## Given entries

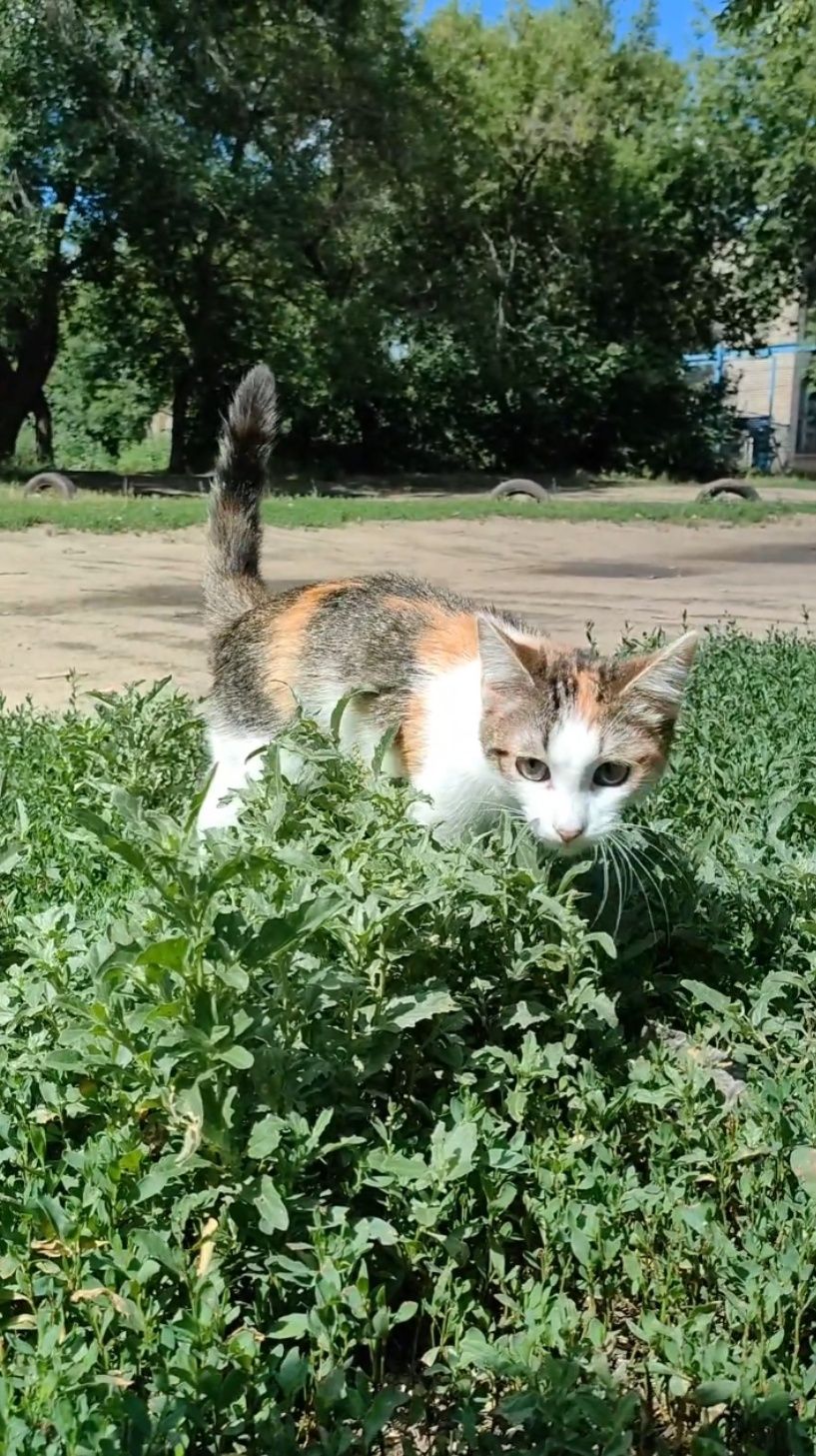 Кошка, котенок подросток, стерилизована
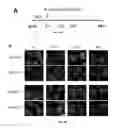 Fig. 15 - Methods of diagnosing and treating cancer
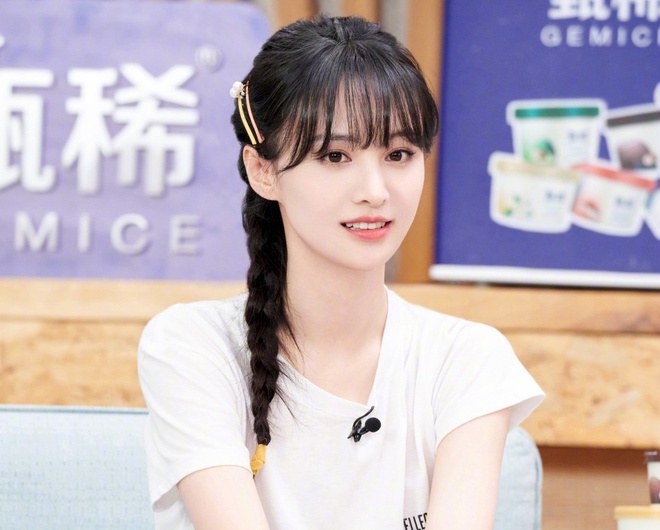 Trịnh Sảng sụp đổ sự nghiệp vì ồn ào đẻ thuê, rũ bỏ con cái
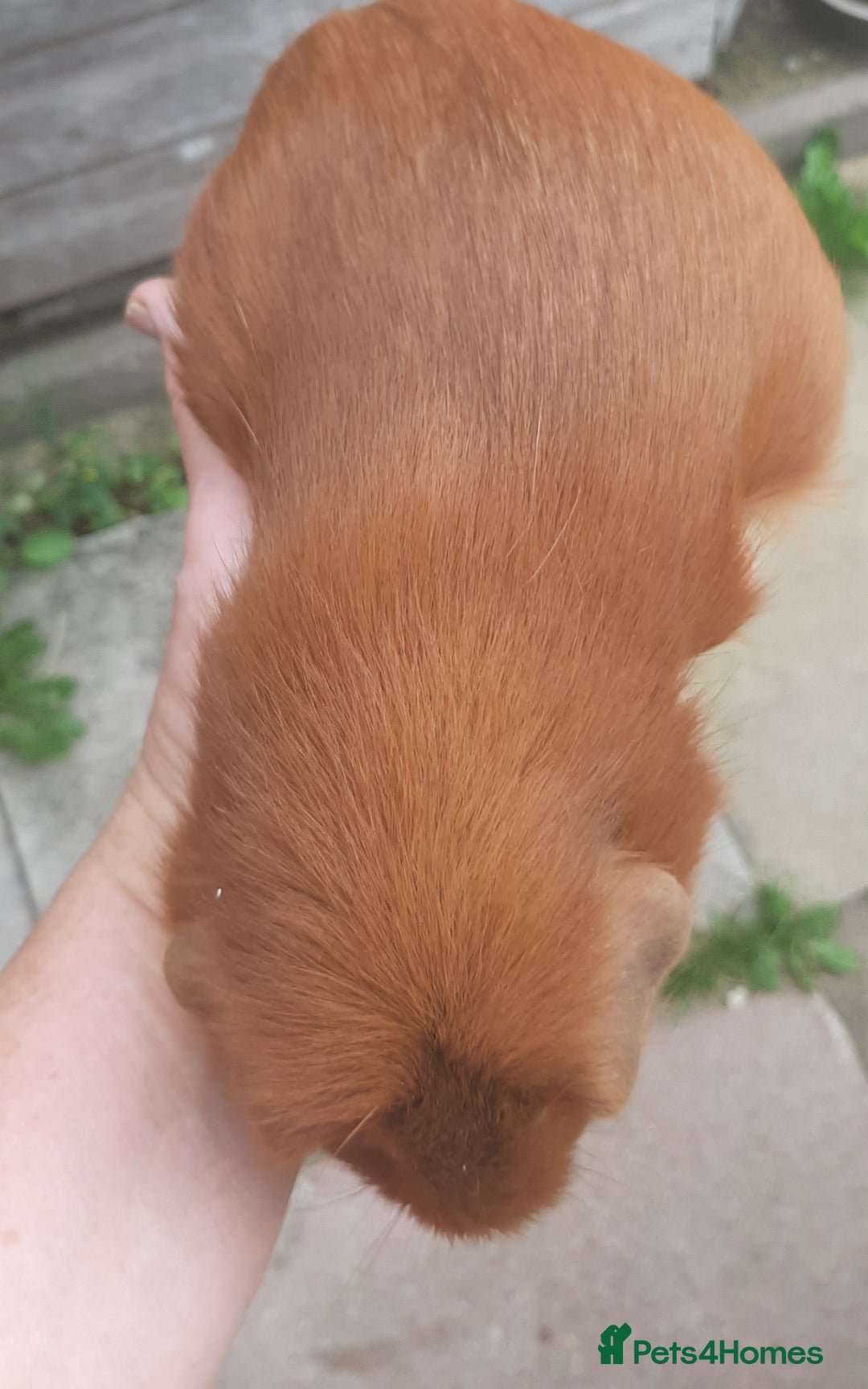 Guinea Pig rodents for sale: Guinea pig females - Image 5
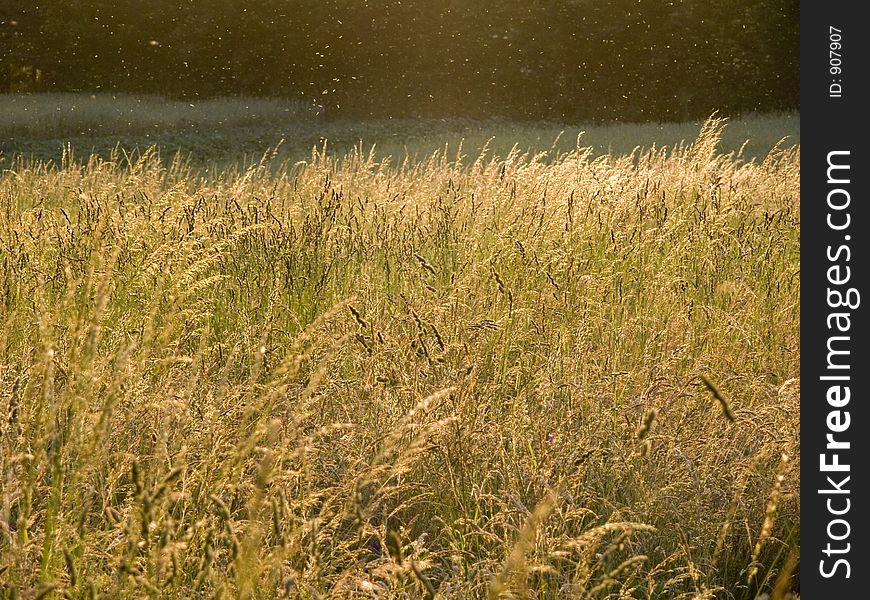 Flies and mosquitoes whirring above a summer meadow in the sunlight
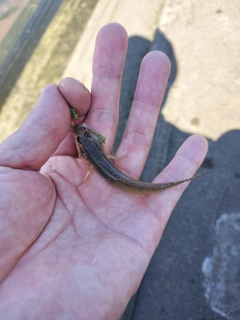 マハゼの釣果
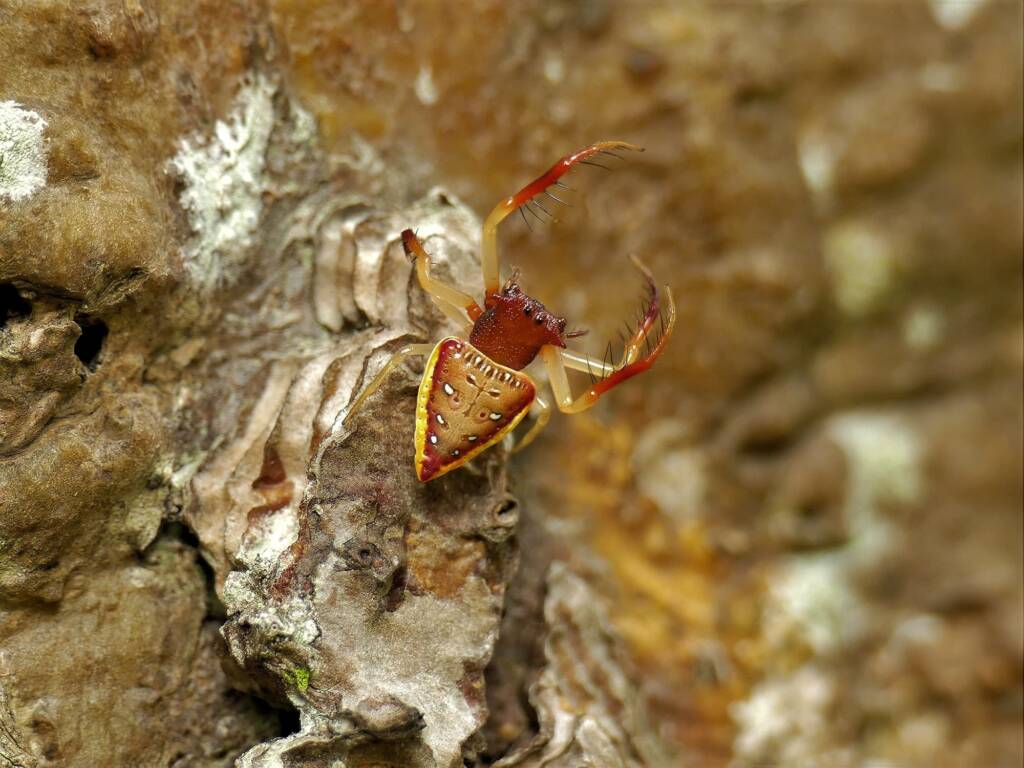 Arkys cornutus (Horned Triangular Spider), Gold Coast QLD © Stefan Jones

## Brief
Set the listing down again exactly, skipping each picture.

## Solution to this task
 Кошка, котенок подросток, стерилизована
 Fig. 15 - Methods of diagnosing and treating cancer
 Trịnh Sảng sụp đổ sự nghiệp vì ồn ào đẻ thuê, rũ bỏ con cái
 Guinea Pig rodents for sale: Guinea pig females - Image 5
 Flies and mosquitoes whirring above a summer meadow in the sunlight
 マハゼの釣果
 Arkys cornutus (Horned Triangular Spider), Gold Coast QLD © Stefan Jones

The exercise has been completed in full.